For those of you who followed Fred’s story from abandoned street puppy in Antigua to the lap of luxury in the UK this post will be boring, sorry. Oh balls, I’m not sorry really, but British convention states that we ought to apologise, all the time, for everything, even when it was someone else’s fault, we are sorry. It’s strange that we’re sorry when someone else stands on our foot, sorry when some wanker in a pub spills our red wine down our brand new white top, but we’re never sorry about the things for which we should be sorry; sorry for all the times we hurt those we love with harsh words, sorry for ignoring the silences in conversation which screamed ‘help me’ but we were too wrapped up in our own self-importance to listen. So no I’m not sorry about some repetition. People always have the option to ignore me and if reading some pointless crap twice in a week is the worst thing to happen to you, well you’re fucking lucky.
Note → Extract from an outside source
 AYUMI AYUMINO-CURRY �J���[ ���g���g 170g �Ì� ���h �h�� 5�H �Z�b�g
So, things Fred has learned in his 6 short weeks with his new humans (and Holly).
The first lines being day 1 of his capture and final lines being today.
He can’t fly. Bolshy and Rat-bag, the bullfinches, have spent the day tormenting him.
He has a tail.
His human doesn’t like him staring at her on the toilet.
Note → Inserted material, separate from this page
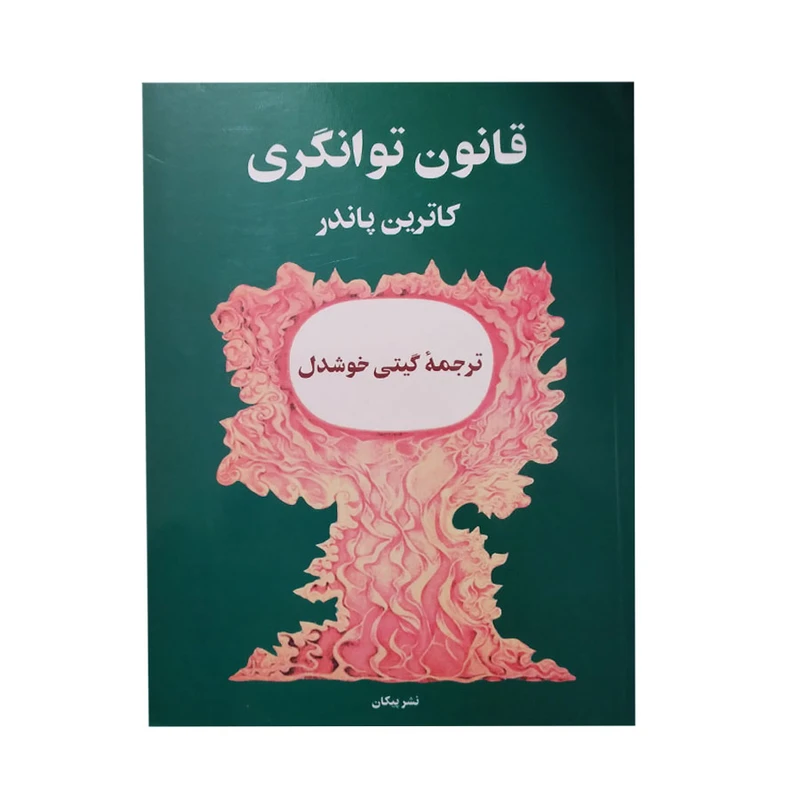 کتاب قانون توانگری اثر کاترین پاندر انتشارات پیکان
There needs to be 2 more hours in the day for sleep.
The puppy in the patio door is unsociable and won’t play no matter how much he licks and woofs at it.
Bikini tops are not chew toys and his human gets very cross when she finds a chewed one.
Fish do not make good friends.
Knows what his winky is for and tried to sexually assault Sandy the beach bar dog.
The puppy in the patio door is still an unsociable twat and the human is getting a bit pissed off with dog snot marks all over the door.
England is cold, no really it’s COLD, seriously.
If he eats puppy pads his poo turns blue.
Oinky pig (Holly’s dog toy) is the new enemy and is not to be trusted.
The puppy in the patio door followed him home from Antigua and lives in the big television, it’s still not learned any social niceties, and woofing at it still doesn’t help. Puppy will be ignored from now on.
He likes tennis.
He really really likes Yorkshire Puddings.
His jury is still undecided on rivers, but at least you can drink them, or at least try.
Running through long grass is awesome right up until you lose control of all 4 legs, go arse over nipples and sprain your front paw. Then it stops being fun very quickly
But most of all Fred has learned that it’s worth living with an emotional ranting human, at least the food is regular, the cuddles are lavish, and even the flea baths are tolerable. It’s a lot better than living under a dock on a harbour, being eaten by ants, ticks, fleas on the outside and worms on the inside, not knowing where your next meal is coming from.